In 2015, the British Library announced a major programme to digitise the vast wealth of Indian printed books held by the Library dating from 1713 to 1914, made possible with the support of funding from the Arts and Humanities Research Council through the Newton Fund. This autumn, the first phase of the project, which originally focussed on 1,000 unique early printed Bengali books, has been extended to include an additional 3,000 from the collection, meaning that 4,000 early Bengali books will be digitised and made accessible to researchers around the world as part of the project.
The international team working on the digitisation of these early Bengali books is unlocking 19th century material that includes one of the very first Bengali cookbooks, an early railway book containing rules and etiquette for travelling in steam-trains, an early copy of the New Testament translated into Bengali by a British missionary and one of the earliest translations of Shakespeare’s plays in Bengal.
Two Centuries of Indian Print has recently benefited from an additional generous donation of nearly £500,000 from the Newton Fund which will allow for the digitisation of the South Asian Vernacular Tracts series, of which the Library holds approximately 6,000 volumes. These are rare, fragile publications, many of which do not survive in other library collections, meaning they are hugely in demand by researchers. This new funding will digitise over 1 million pages.

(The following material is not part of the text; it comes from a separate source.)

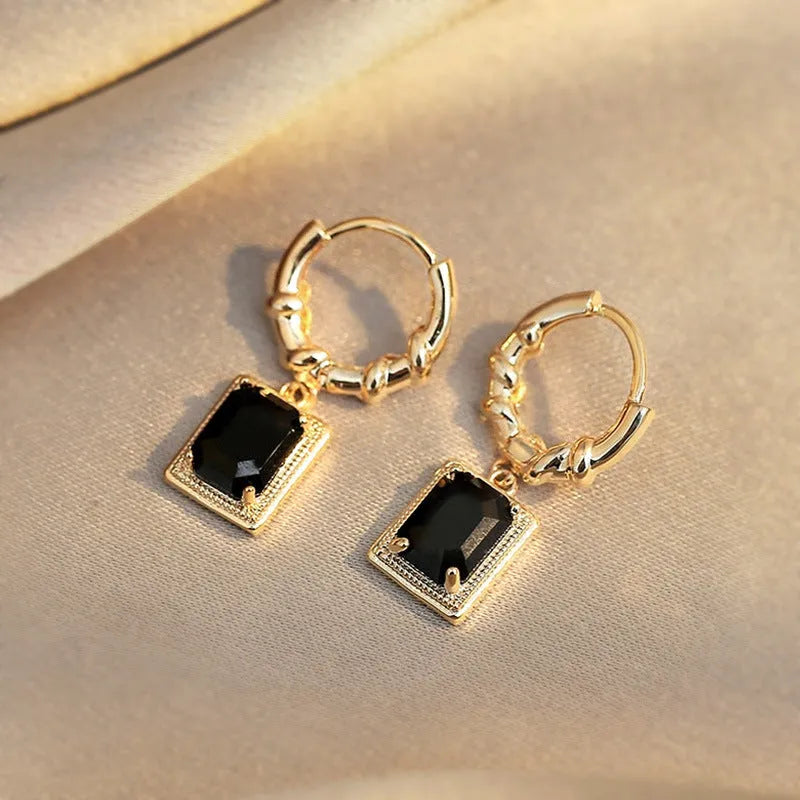 Geometric quadrilateral copper earrings with black zircon setting in French court retro style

Also as part of the Two Centuries of Indian Print project, the British Library is collaborating with partner institutions in India to share knowledge and skills, helping to stimulate digital scholarship and build research capacity. The Baroness Tessa Blackstone, Chairman of the British Library, will arrive in India this week to meet with partners to attend a fund-raising event for the project with the Minister for Universities, Science, Research and Innovation, Jo Johnson.
This December, the first of the skill-sharing workshops will also take place in Kolkata, where library and information professionals from cultural heritage institutions in Bengal will take part in a one-day event to learn about more about how information technology is transforming humanities research today, and in turn Library services.
More about the project is here.
The announcement in full is here.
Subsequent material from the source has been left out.